Darmanin qualifie le 11 octobre le port d’un drapeau palestinien comme un acte «antisémite» qu’il faudrait sanctionner. Cet homme est issu de l’Action Française, groupe royaliste et ouvertement antisémite. Quant à Macron, il a réhabilité Charles Maurras. Ces dirigeants apportent pourtant leur soutien inconditionnel à l’État d’Israël.
Ce qui peut paraître contradictoire est en fait très cohérent. La droite et l’extrême droite propagent l’idée d’un «choc des civilisations», avec d’un côté l’occident «judéo-chrétien» et de l’autre le monde musulman. Ce récit, qui sème la division et la haine entre les peuples est un mensonge complet. Au Moyen-Âge, pendant que les rois catholiques persécutaient les juifs d’Europe, les populations juives du Maghreb jouissaient d’une relative sécurité. Beaucoup plus récemment, en Algérie durant la deuxième Guerre Mondiale, le régime de Vichy a retiré la nationalité française aux 130.000 Juifs vivant dans ce qui était alors une colonie. Et des solidarités se sont tissées entre les juifs et musulmans d’Algérie, contre les persécutions racistes de Pétain. Historiquement, il y a en fait davantage un monde «judéo-musulman» qu’un monde «judéo-chrétien». Le conflit qui déchire le proche-Orient est une guerre fratricide.

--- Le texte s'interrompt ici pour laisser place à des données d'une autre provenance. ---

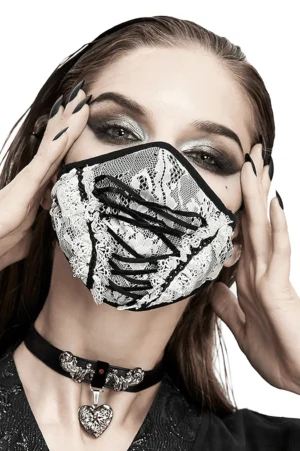 Close-up front view of gothic white lace face mask featuring black lace-up corset front design and adjustable ear straps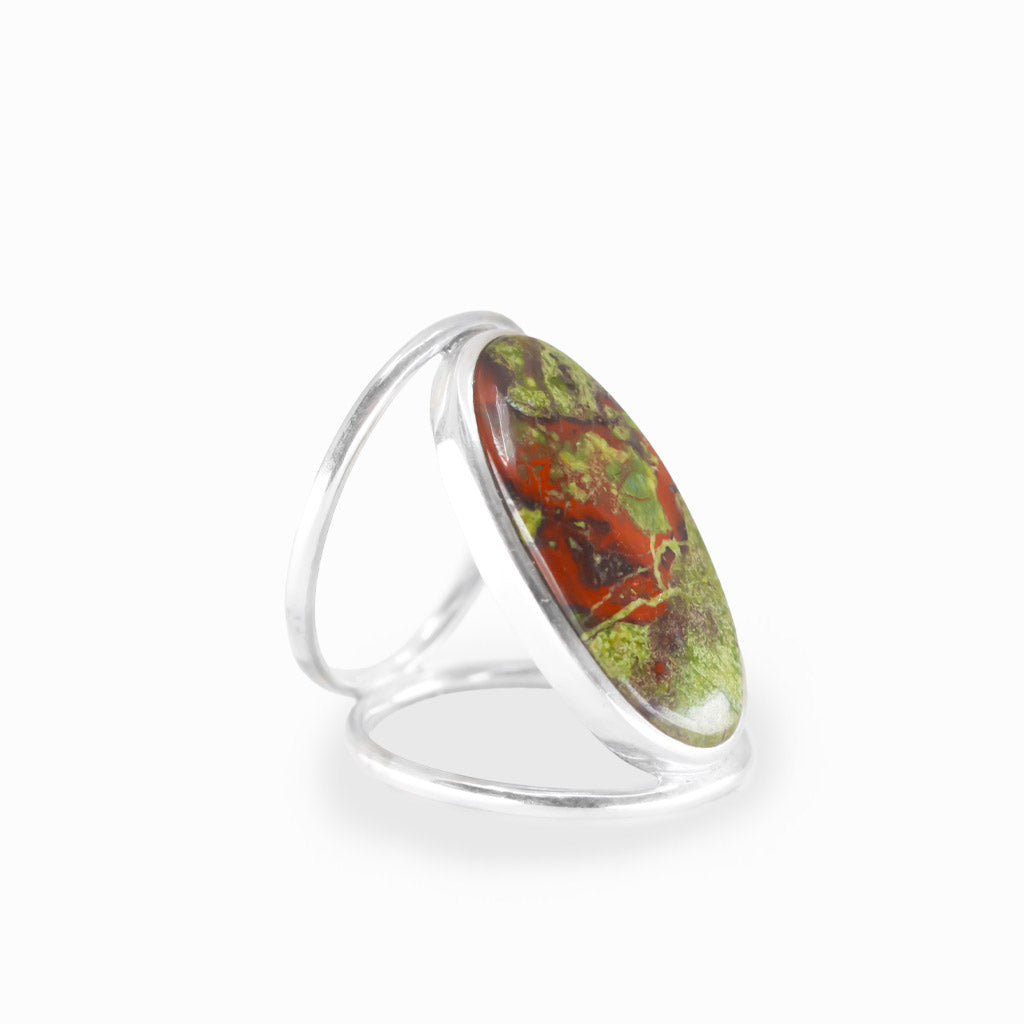 Oval Dragon's Blood Jasper ring with forest-green and crimson-red natural patterns, polished sterling silver bezel, and openwork band.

Après la seconde guerre mondiale, la Palestine a été offerte par l’Occident comme refuge au peuple juif survivant du génocide, en se moquant des populations qui vivaient sur cette terre. En sacrifiant les palestiniens, l’Europe a voulu expier ses péchés. Mais soutenir inconditionnellement Israël n’effacera pas les siècles d’antisémitisme en Europe.
Quand l’extrême droite française félicite les frappes contre Gaza, elle n’est pas du côté du peuple juif. À travers ce conflit, elle a l’impression de tuer des arabes par procuration. Mais ce n’est qu’une alliance de circonstance et il faudrait être bien naïf pour imaginer que l’extrême droite a renié ses haines originelles.
Ce phénomène a lieu ailleurs dans le monde. L’ancien président brésilien Bolsonaro avait à la fois des supporters néo-nazis et affichait des drapeaux israéliens. Comme Trump, président d’extrême droite farouchement pro-israélien et apprécié des suprémacistes blancs. Derrière ces deux hommes, des réseaux évangélistes très puissants en Amérique, qui ont un rapport mystique avec Israël : pour eux, il faut que les juifs retournent en terre Sainte pour que Jésus revienne sur terre les convertir. Ici encore, il ne s’agit pas d’un soutien sincère, mais d’une instrumentalisation millénariste.
En miroir, la droite israélienne s’est adaptée à ses supporters occidentaux. En 2015, Netanyahou déclare qu’à l’origine, «Hitler ne voulait pas exterminer les juifs, seulement les expulser», et que le génocide nazi était en réalité de la faute des palestiniens. Un propos révisionniste révoltant, mais qui alimente l’idée d’un front commun contre le monde musulman : les vrais barbares sont les arabes. Quitte à nier la réalité des crimes commis en Europe. Il s’agit d’une solidarité coloniale, contre les palestiniens et contre les minorités musulmanes qui vivent en Occident.
Ce calcul mortifère ne peut mener qu’à des guerres ethniques et confessionnelles au détriment des peuples. Les seuls gagnants de cette logique infernale sont les fascistes de tous les pays. Les adeptes d’un «choc des civilisations» plutôt que de la solidarité et de l’amitié entre les peuples.